I wanted to get a student loan to finance my college education. Some of my friends suggested that I should try US bank student loans. I have little idea how to get a student loan and whom to approach. Does the US Bank offer private loans for college? If yes, what are the steps to apply for a loan? Also, is it a good idea to take out the US Bank student loan in terms of interest rates and student loans payment options as I will need to find employment to repay?

Samantha Stevenson

in Student Loans

1 answer

1 answer

Melissa Norris on January 30, 2018

Unfortunately, you will no longer get a student loan from the US Bank. They do not offer both federal and private loans. After a federal government announcement in 2012 that private loans would not enjoy federal guarantee, the US Bank stopped offering student loans. When US Bank offered loans, you could get two types of loans; Fixed-Rate US Bank loan and No-fee US Bank loan for students. The primary difference between both was that the latter had a variable interest rate. However, the problem is that you don’t get these loans anymore.

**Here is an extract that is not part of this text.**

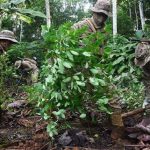 Bolivia da un giro en la política antidroga con otro enfoque sobre la coca y presencia de EEUU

Though the US Bank stopped offering loans, it still offers some help to student loan seekers. On their website, it is possible for students to find information that is helpful in finding and deciding on appropriate loans. By reading the tips for students on their website, you can learn how to manage your money, how to get education loans, and how to pay your college fees in different ways.

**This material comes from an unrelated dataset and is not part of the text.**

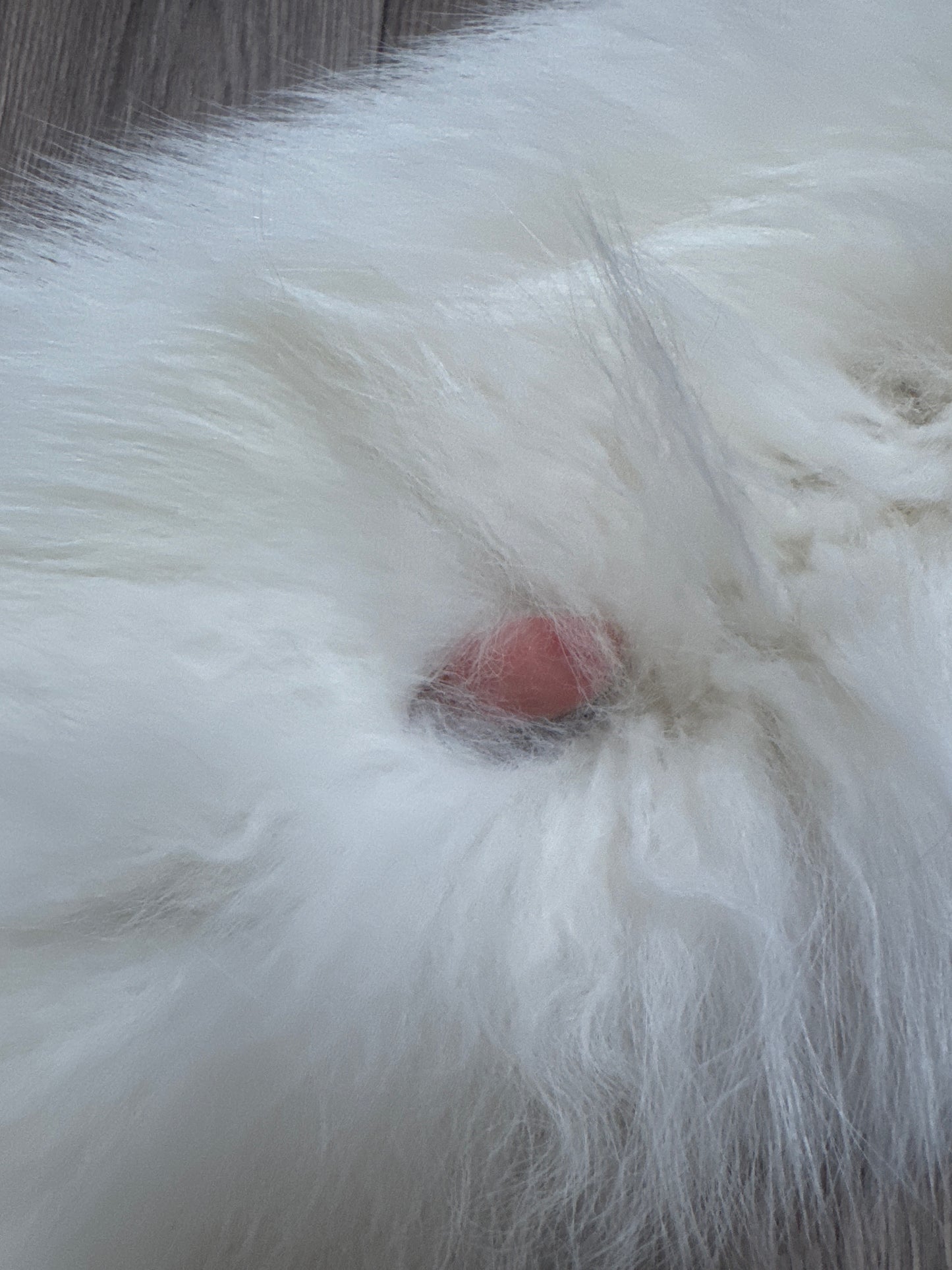 Arctic Marble fox pelt (30)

So it is clear that you have to find other options. What are they? The first, and, in fact, the most important, is filling out FAFSA. What is FAFSA? It stands for Free Application for Federal Student Aid. In order to understand and be eligible for all types of federal student aid like PLUS loans, Perkins Student Loans and Direct Stafford Loans, this is the easiest way. FAFSA will decide what aid best suits your application. So this is the first option a student loan seeker should explore.

If you are not eligible for a federal student loan, you can try a loan from a private lender. However, it is important for you to take so many things into consideration before finalizing the deal. Firstly, you should compare the interest rates of many lenders before deciding which bank offers the lowest interest rates. After that, it is also important to check whether you are going to get a grace period because it is not easy to start student loans repayment if you fail to get employment and your financial situation is weak. Secondly, you should also check whether the bank allows you to defer your private loan to pursue college education if you enter further study or face any financial hardship. Moreover, you should check whether the bank will charge you interest for the grace period and deferment period. And if they charge for the same, you need to check whether that is added to the principal amount or appears in the form of a balloon payment at the end of the loan term. Finally, make sure that the installments are not too high for you to afford.

Caleb Jenkins2 years ago

Being a person who experienced the issues associated with taking out college education private loans and repaying student loans, I would suggest that a private loan should be your last resort. Even if you are forced to have a private student loan, don’t be disheartened; you can still try to consolidate and refinance your private loan. I have seen a few of my friends trying to do so but I understood from them that your chances of success in refinancing depend on your credit score, income, savings, and the degree you pursue. However, this is certainly worth trying because by consolidating and refinancing your loan, you can get lower interest rate and smaller monthly installments. A few banks that are useful for refinancing and consolidating are SoFi, CommonBond, Earnest, Laurel Road, Lendkey, and Citizens Bank. If you are trying to refinance
and consolidate an undergraduate or graduate school student loan, SoFi is the best option. It offers 5 to 20 year repayment options along with unemployment protection, career support and entrepreneur programs.